Zaraz przed Jaskinią
Mylną uzupełniamy płyny, które w tym miejscu niespodziewanie się kończą.
„Jaskinia Mylna – jaskinia
położona w Dolinie Kościeliskiej na wysokości około 1098 m n.p.m. Jest jedną z
ciekawszych jaskiń tatrzańskich, którą można zwiedzać bez przewodnika. Łączna
długość korytarzy wynosi 1630 m, jednak dla turystów została udostępniona tylko
300-metrowa trasa. Jaskinia została po raz pierwszy zbadana w roku 1885 przez
Jana Gwalberta Pawlikowskiego. Jest to poziomy ciąg korytarzy i niedużych
komór. Korytarze tworzą liczne rozgałęzienia. Brak nacieków, z wyjątkiem
mleczka wapiennego.
Jaskinia znajduje się w
masywie Raptawickiej Turni, tuż ponad Polaną Pisaną. W jaskini nie ma
sztucznego oświetlenia, należy więc zabrać ze sobą swoje źródło światła
(latarkę lub lepiej czołówkę). W lecie temperatura w jaskini oscyluje w
granicach +5°C. Zimą w części jaskini panują ujemne temperatury, co jest
skutkiem wykonania sztucznego przekopu”.
Źródło: Wikipedia
Aby dodać dramaturgii całej akcji układamy ze
Strykiem podstępny plan. Ja gubię grupę, a Stryku gwiazdorzy i nas ratuje.
Strat nie odnotowano.
Swojego
rodzaju wisienką na torcie ma być przejście przez Wąwóz Kraków i Smoczą Jamę na
przysłowiowego „suchara”. Tak też czynimy...
„Jaskinia w
Tatrach Zachodnich, właściwie krótki, stromy korytarz jaskiniowy przebijający
skałę na wylot, znajdujący się w dolnej części Wąwozu Kraków w Dolinie Kościeliskiej.

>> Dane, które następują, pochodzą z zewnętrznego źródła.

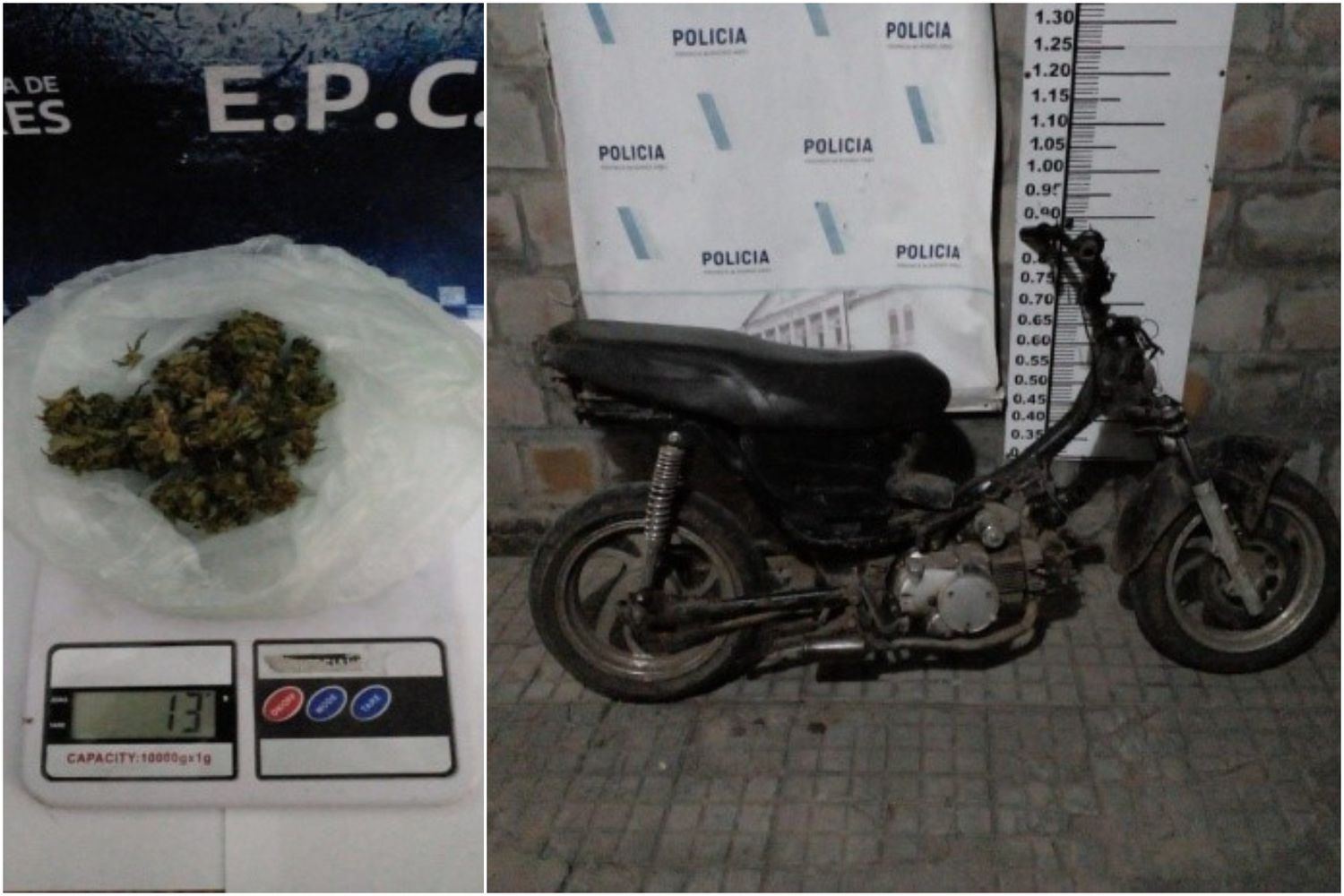 La moto y la marihuana secuestradas por la policía.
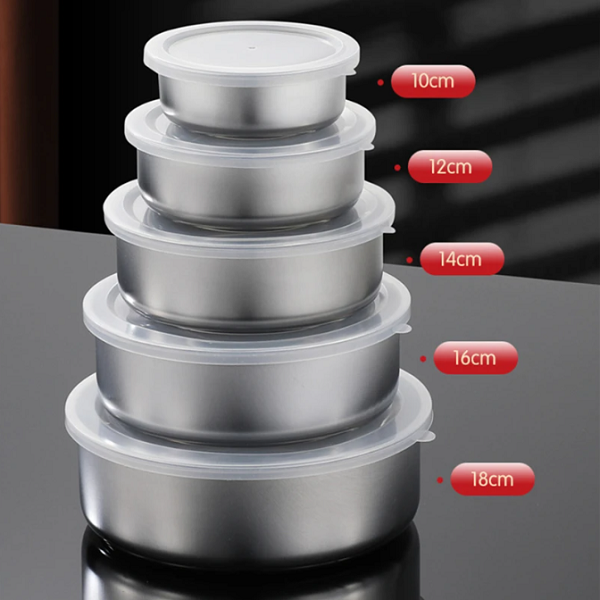Set de 5 contenedores de acero inoxidable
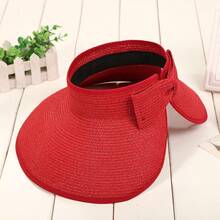 可折叠卷边宽檐女士遮阳帽，适合海滩和扎马尾辫，UPF防晒旅行草帽 - 彩色 - 查看 6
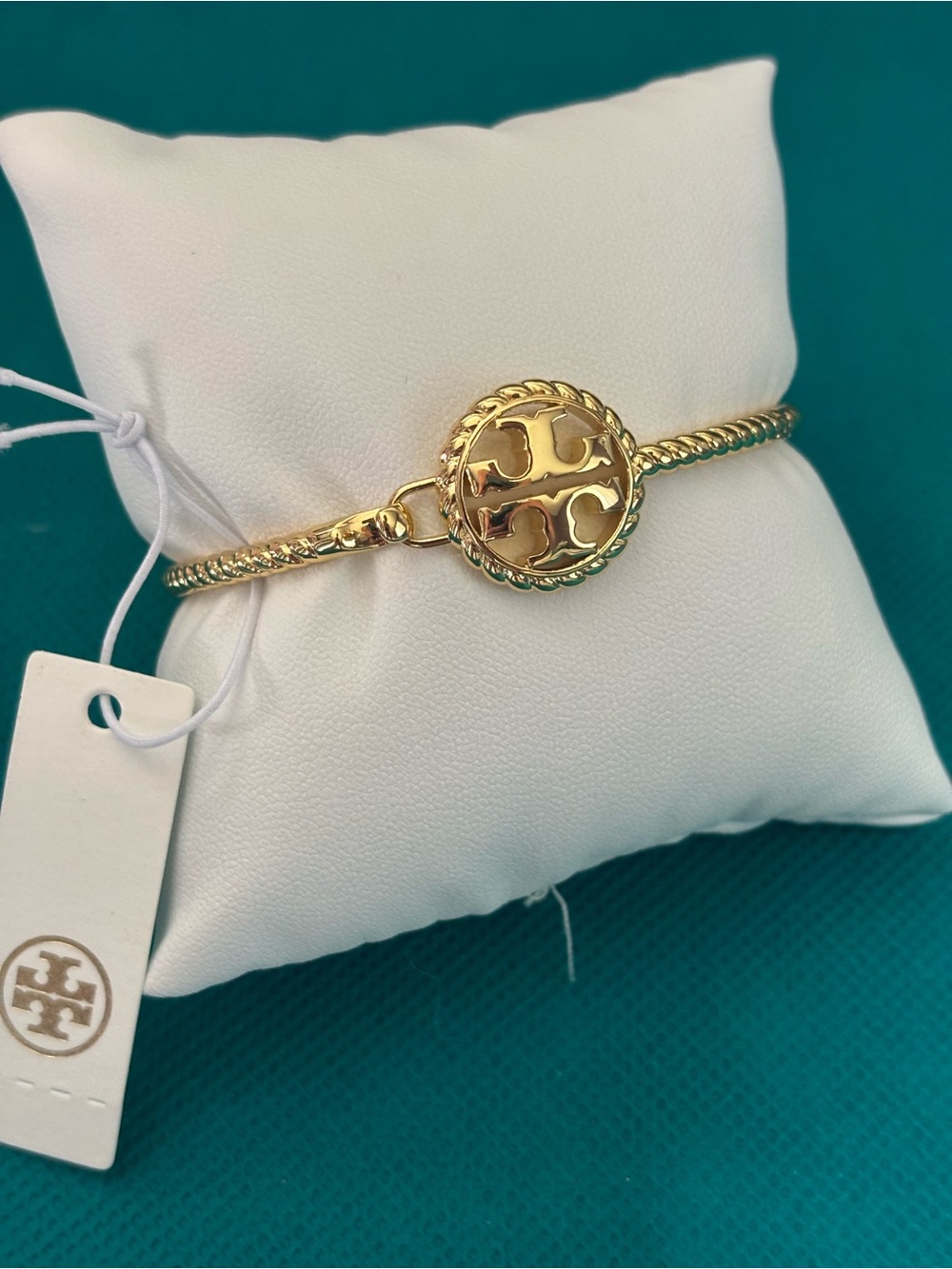 Tory Burch Gold-tone Rope Logo Bracelet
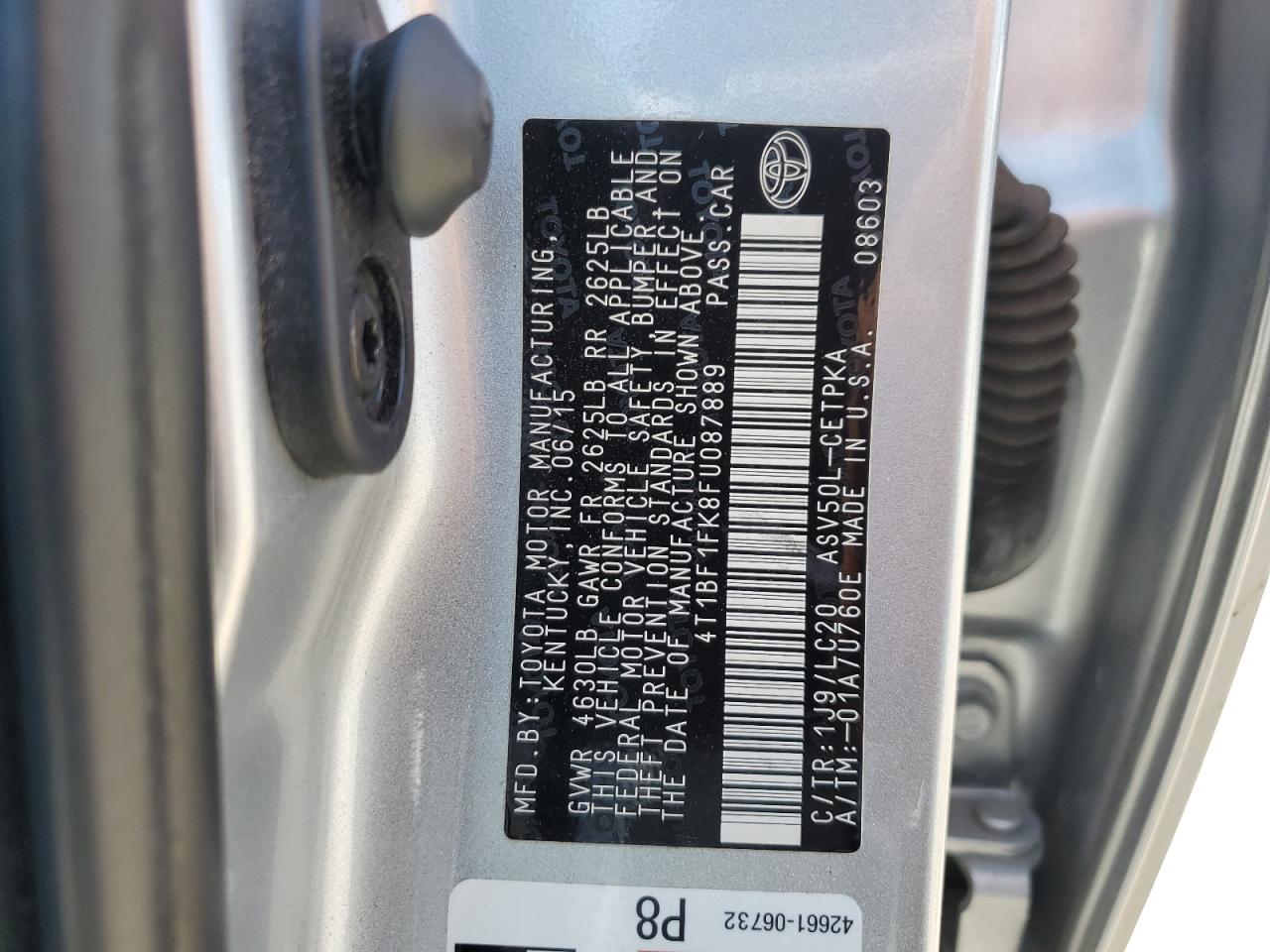 2015 Toyota Camry Le VIN: 4T1BF1FK8FU087889 Lot: 63005835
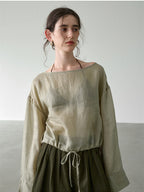 Solid Color Linen Sheer Long-sleeved Layered Chiffon Blouse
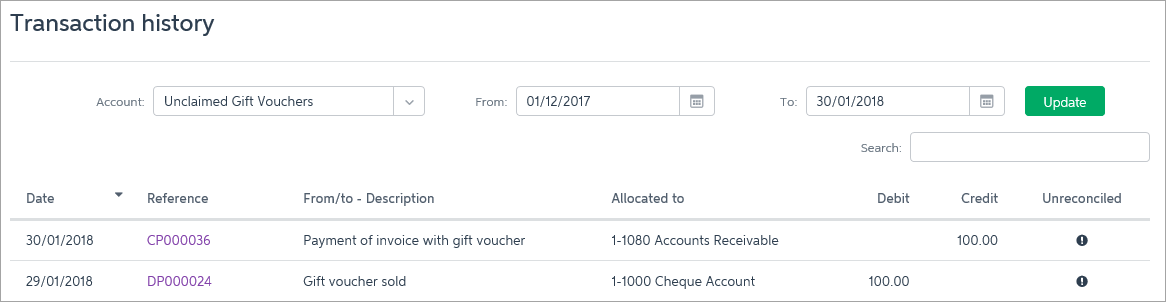 transactions shown for the chosen account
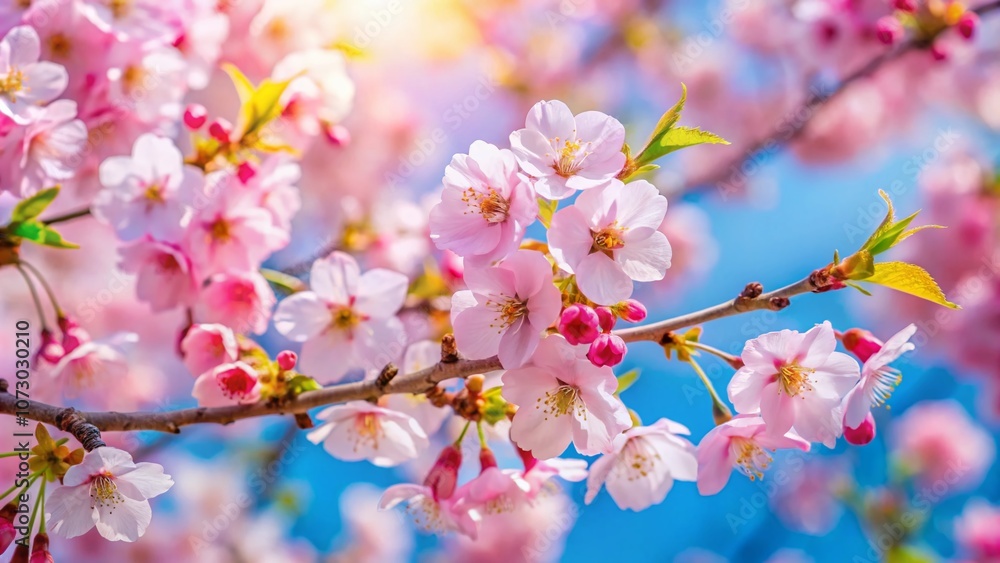 Bright Cherry Blossoms in Full Bloom Against a Clear Blue Sky - Stunning Spring Flower Display Captured in Tilt-Shift Photography for Seasonal Beauty and Nature Lovers Bright Cherry Blossoms in Full Bloom Against a Clear Blue Sky - Stunning Spring Flower Display Captured in Tilt-Shift Photography for Seasonal Beauty and Nature Lovers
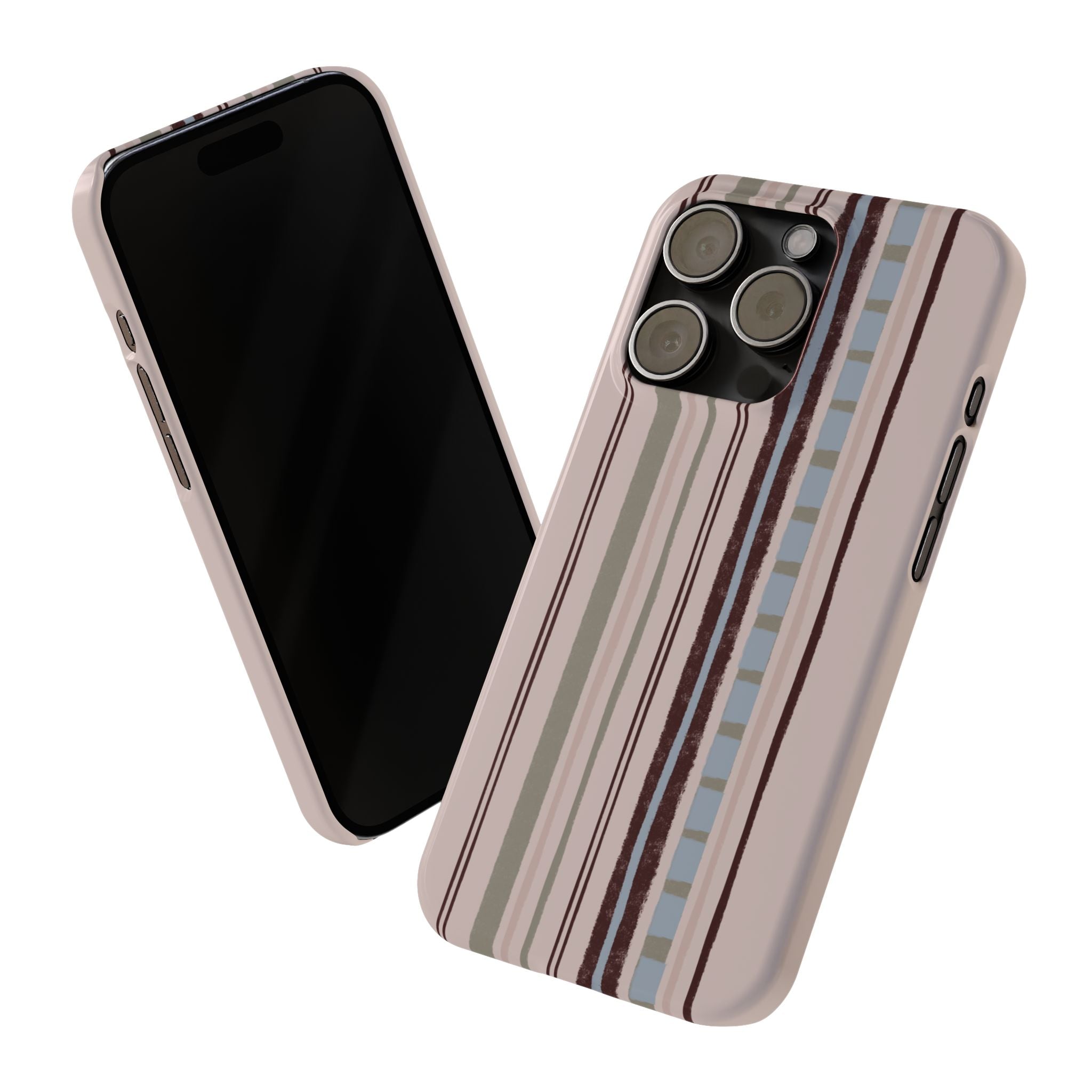 Slim Phone Case — Vintage Striped Pattern, Neutral Earthtone Protective Cover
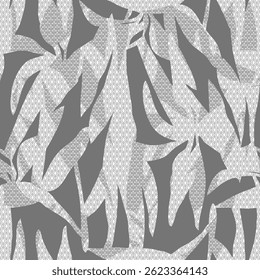 Patrón negativo abstracto gris del Vector inconsútil en el fondo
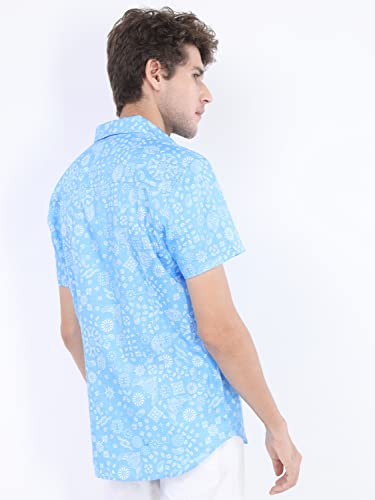 Image of KETCH Men Cotton Slim Fit Printed Half Sleeve Shirt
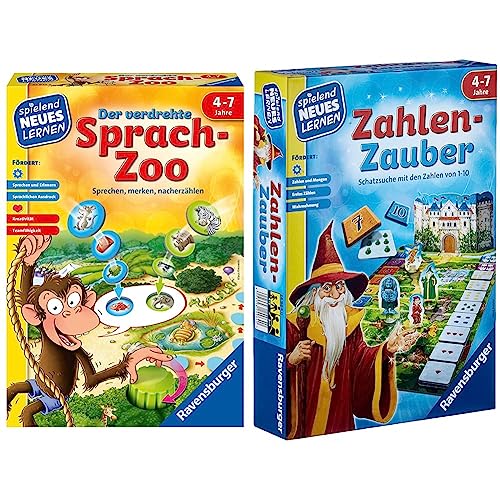 Ravensburger 24945 - Der verdrehte Sprach-Zoo - Spielen und Lernen für Kinder & 24964 - Zahlen-Zauber - Spielen und Lernen für Kinder, Lernspiel für Kinder ab 4-7 Jahren von Ravensburger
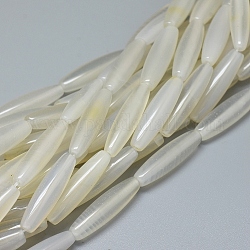 Natürliche Achat Perlen Stränge, gefärbt und erhitzt, Reis, 25~26x6~6.5 mm, Bohrung: 0.8 mm, ca. 16 Stk. / Strang, 15.55 Zoll (39.5 cm)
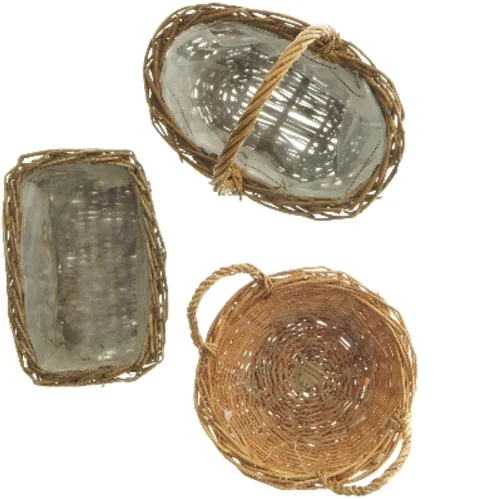 3 Flettede kurve med håndtag (str. 8x15x9 cm)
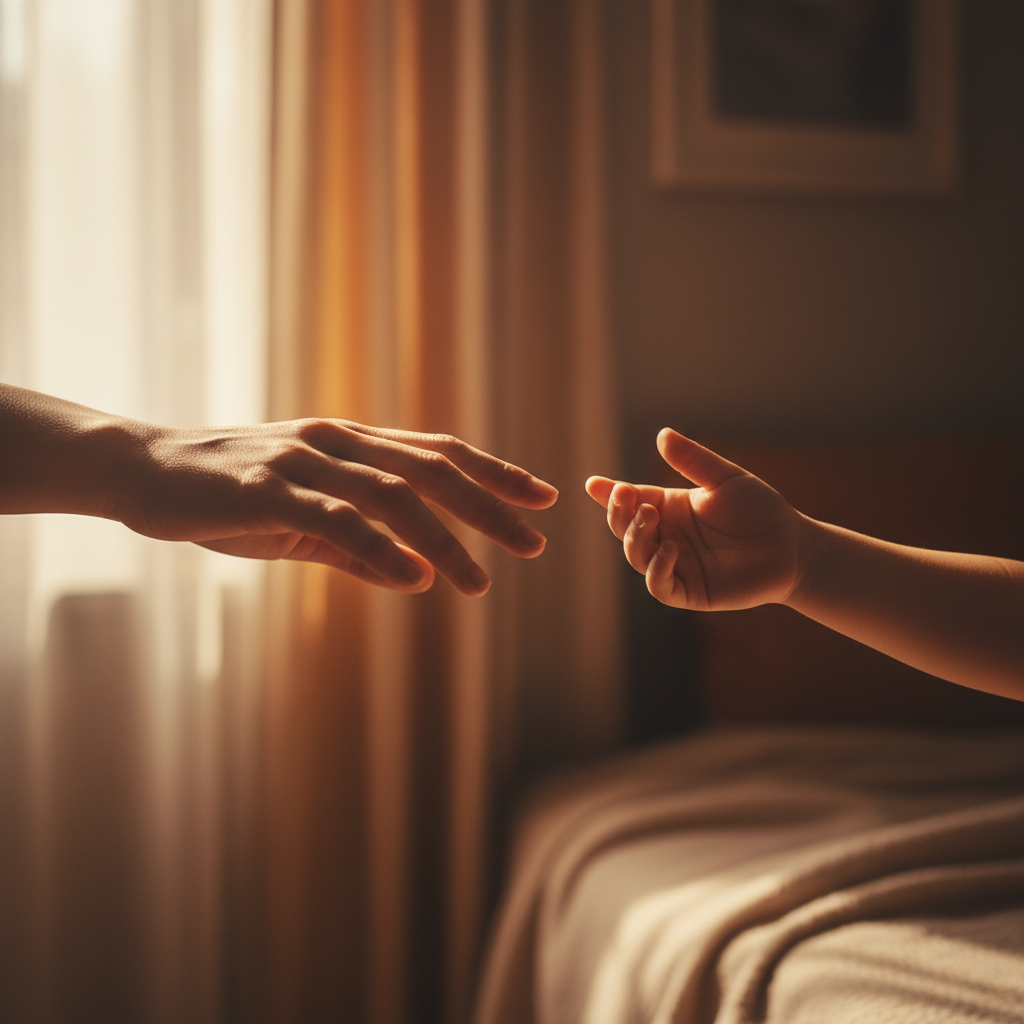 Erwachsene Hand und Kinderhand greifen sich nicht ganz - Symbolbild für die distanzierte Beziehung zur narzisstischen Mutter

Jaskinia ma długość 37 m i jest tunelem wznoszącym się o 16,5 m[2]. Otwór wejściowy znajduje się na
wysokości ok. 1100 m n.p.m”.
Źródło: Wikipedia
Zwieńczeniem
aktywnego dnia, był równie aktywny wieczór. Dobrym wyczuciem czasu popisała się Żanetka, która w porę włączyła się do gry. Tańce, hulanki, a być może i swawole
towarzyszyły nam do późnych godzin nocnych. Niestety, z przyczyn ode mnie
„niezależnych”, niewiele mam w tym miejscu do powiedzenia :))
Drugi dzień to
eksploracja powierzchniowo-rowerowa Doliny Chochołowskiej.
Z podziałem na
zespoły „żeński” i męski działamy w okolicach schroniska. Padł Grześ i Rakoń i
co niektórzy z ekipy ;)
Wszystko co
dobre, szybko się kończy. Pozostaje mi w tym miejscu podziękować doborowemu
towarzystwie za rewelacyjnie spędzony weekend i kolejne „dziury w pamięci”.
DZIĘKI !!!
Czy znaleźli kapliczkę w Jaskini Raptawickiej? ;)
OdpowiedzUsuńNiektórzy nawet dwie ;)) Czy to od niej tak śmierdzi siurami?